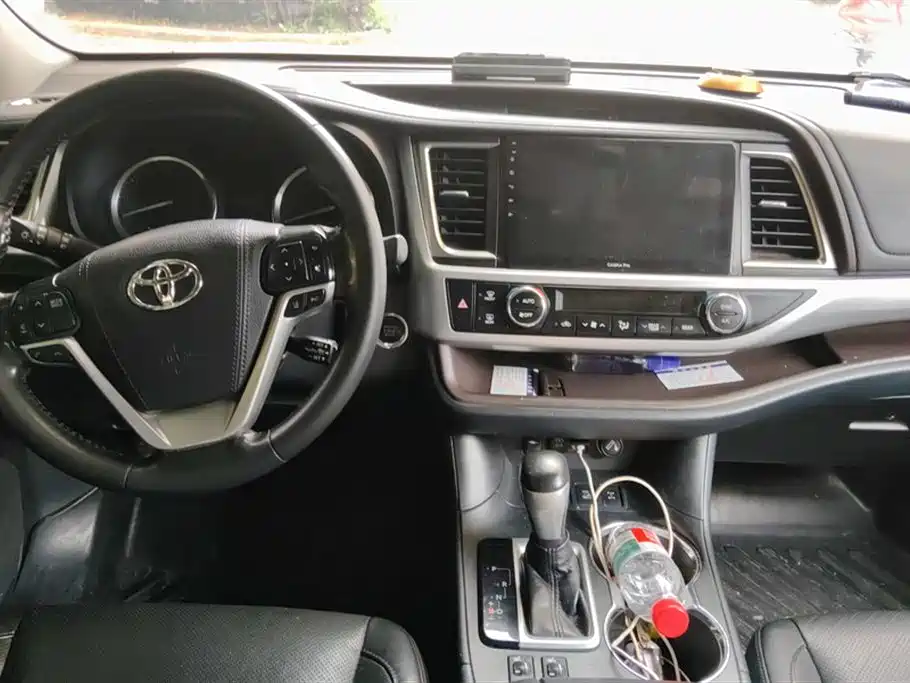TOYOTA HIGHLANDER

* * *

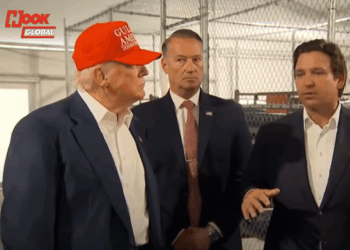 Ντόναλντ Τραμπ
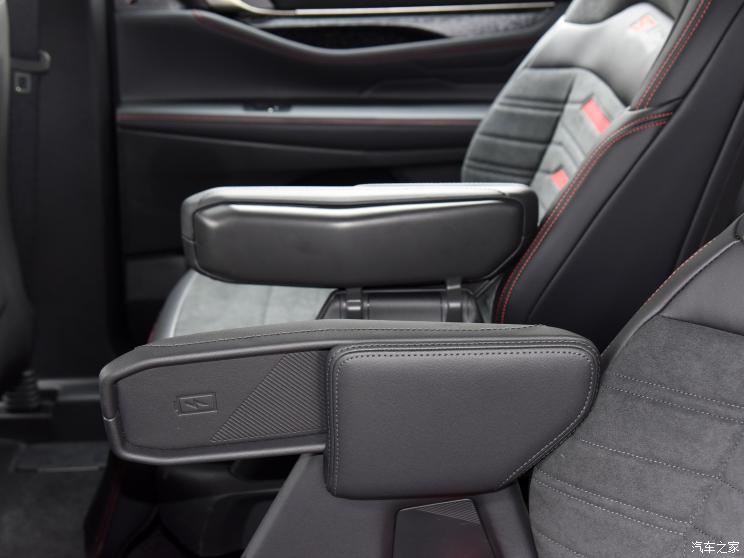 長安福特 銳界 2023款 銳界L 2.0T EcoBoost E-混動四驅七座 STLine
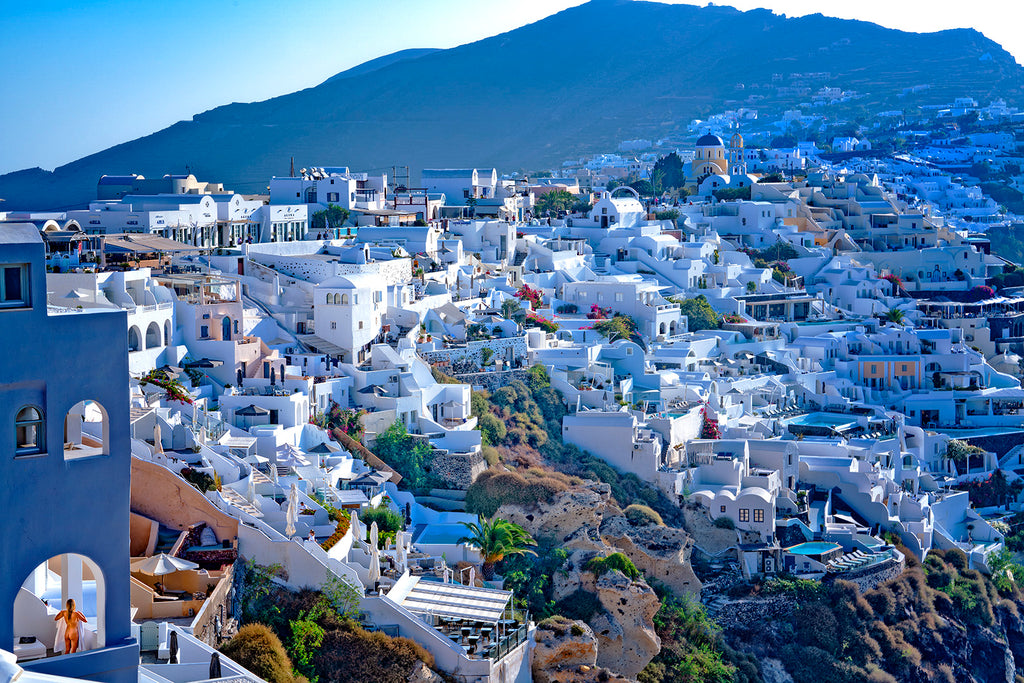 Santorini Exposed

**Task brief:** Pictures aside, print exactly the lines above starting with the one containing "長安福特 銳界 2023款" and going on through the one containing "Santorini Exposed".

**Answer to this problem:**
 長安福特 銳界 2023款 銳界L 2.0T EcoBoost E-混動四驅七座 STLine
 Santorini Exposed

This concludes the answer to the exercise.